3. The plaintiff claimed to be the holder of an agreement to sell dated 21.03.2006, which was executed by the defendants. He filed a suit for possession by way of specific performance of the agreement to sell. He claimed that the defendants agreed to sell 8 acres, 5 kanals and 9 marlas of land in favour of the plaintiff @ 12,00,000/- per acre on receipt of an amount of 24,00,000/-. It was asserted that the defendants have failed to perform their part of the contract. While filing the reply, the defendants claimed that the plaintiff did not have the money despite two extensions given to the plaintiff to perform his part of the contract. It was asserted that the defendants sent a notice dated 27.06.2006, which was received by the plaintiff on 26.07.2006. In the aforesaid notice, the plaintiff was called upon to come for execution of the sale deed on 03.08.2006, but the plaintiff did not come forward.
4. Both the Courts below, on appreciation of evidence, have recorded the concurrent findings of fact that the plaintiff was not ready and willing to perform his part of the contract because he did not arrange for payment of the balance amount. Both the Courts below have also found that the plaintiff has also failed to prove that he paid additional payment of 10,00,000/-.
5. Heard the learned counsel representing the parties and with their able assistance, perused the judgments passed by both the Courts below and the record, which was requisitioned.
6. The learned counsel representing the appellant contends that the plaintiff had asserted in his plaint that he was always ready and willing to perform his part of the contract. He submits that in any case, in the absence of set off for counter-claim, the plaintiff was entitled to refund the earnest money i.e. ₹24,00,000/-.
7. In the present case, the parties had agreed to get the sale deed executed and registered on or before 09.06.2006, which was extended upto 19.06.2006. Thereafter, it was again extended upto 23.06.2006. There were holidays on 23.06.2006, 24.06.2006 and 25.06.2006. The defendants visited the office of the Sub-Registrar in order to prove their readiness and willingness to perform their part of the contract. However, the plaintiff has failed to turn up to the Sub-Registrar's office for performing his part of contract. Thereafter, the defendants sent a notice to the plaintiff and called upon him to come for execution and registration of the sale deed on 03.06.2006. However, the plaintiff did not come forward to honour his part of the contract. Once again, a fresh notice was sent by the defendant to the plaintiff on 30.08.2006. The plaintiff has further failed to prove his plea with regard to additional payment of 10,00,000/- on 20.11.2006. The plaintiff filed the suit on 21.04.2008 i.e. after a gap of merely 18 months. The plaintiff has also failed to prove that he was having wherewithal to pay the balance sale consideration of 96,00,000/-, approximately.

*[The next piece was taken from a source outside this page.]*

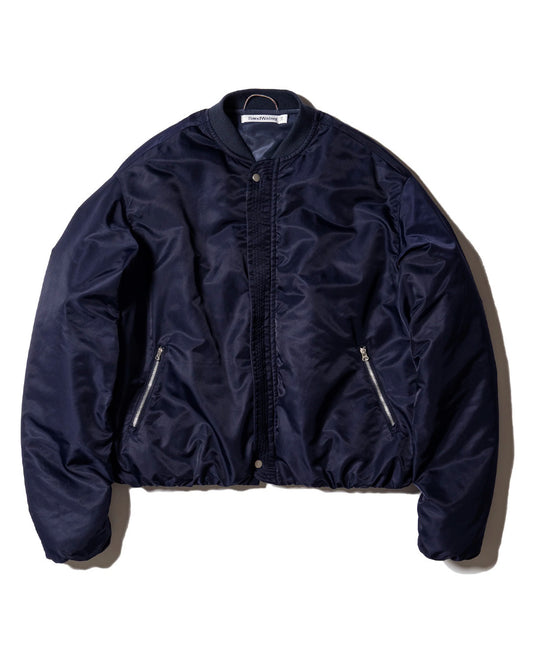 Researched Padded Blouson navy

Hence, there is no error in the findings of fact arrived at by both the Courts below while declining the relief of specific performance.
8. The next argument of the learned counsel representing the appellant is with respect to the absence of plea of set off for counter-claim by the defendants. The plea of set off can be availed in a suit for recovery of money where the defendant claims that he has also to recover certain amount from the plaintiff and therefore, if any amount is payable by the defendant to the plaintiff, then he is entitled to set off that amount from the amount recoverable from him. In the present case, the position is entirely different. By reason of a special contract between the parties, the amount of earnest money has been forfeited. It is well settled that for forfeiting the amount of earnest money, the defendant is not required to prove damages. This aspect has already been discussed in detail in Ran Singh v. M/s Capex Projects Pvt. Ltd. 1 (2019-2)194 PLR 618. The Special Leave Petition against the aforesaid judgment has been dismissed on 14.10.2020. This matter was again examined in detail in Om Parkash v. M/s Ganga Developers Private Limited 2 (Regular Second Appeal No. 4698 of 2017, decided on 22.01.2020). After discussing the various judgments passed by the Supreme Court including Kailash Nath Associates v. Delhi Development Authority 3 (2015) 2 SCC (Civil) 502, Shree Hanuman Cotton Mills v. Tata Air Craft Ltd. 4 (1969) 3 SCC 522 and Satish Batra v. Sudhir Rawal 5 (2013) 1 SCC 345, the Court held as under:-
“Learned First Appellate Court has first relied upon the judgment passed in the case of Satish Batra (Supra). This Court has carefully read the aforesaid judgment. The aforesaid judgment is rather helps the defendants-appellants and not the plaintiff-respondent company. In the aforesaid judgment, Hon'ble the Supreme Court was examining the correctness of the Division Bench judgment of the Delhi High Court, in which out of total earnest money of Rs. 7,00,000/-, 50,000/- was permitted to be forfeited whereas 6,50,000/- was ordered to be refunded. The Supreme Court after examining the contract found that earnest money was paid on two different dates i.e. Rs. 4,00,000/- on 29.11.2005 and 3,00,000/- on 30.11.2005. The Supreme Court held after discussing various judgments of the Court that intended seller was justified in forfeiting the amount of 10% i.e. 7,00,000/-, therefore, the trial Court as well as First Appellate Court have not applied the aforesaid judgments in correct perspective. The First Appellate Court has further relied upon a judgment passed by Hon'ble the Supreme Court in the case of Videocon Properties Ltd. (Supra). In the aforesaid judgment, the Supreme Court was examining the order passed by a Division Bench of Bombay High Court arising from interim order passed by the learned Single Judge. In the aforesaid case, earnest money had been refunded. Suit for recovery was filed by the intended purchaser who was a builder for grant of interest. In the aforesaid circumstances, learned Single Judge ordered creation of charge under Section 55(6)(b) of the Transfer of Property Act, 1882 which order was modified by the Division Bench. The Supreme Court reversed the judgment of the Division Bench and restored the order of the learned Single Judge. The aforesaid judgment nowhere lays down that the earnest money as per the contract cannot be forfeited”.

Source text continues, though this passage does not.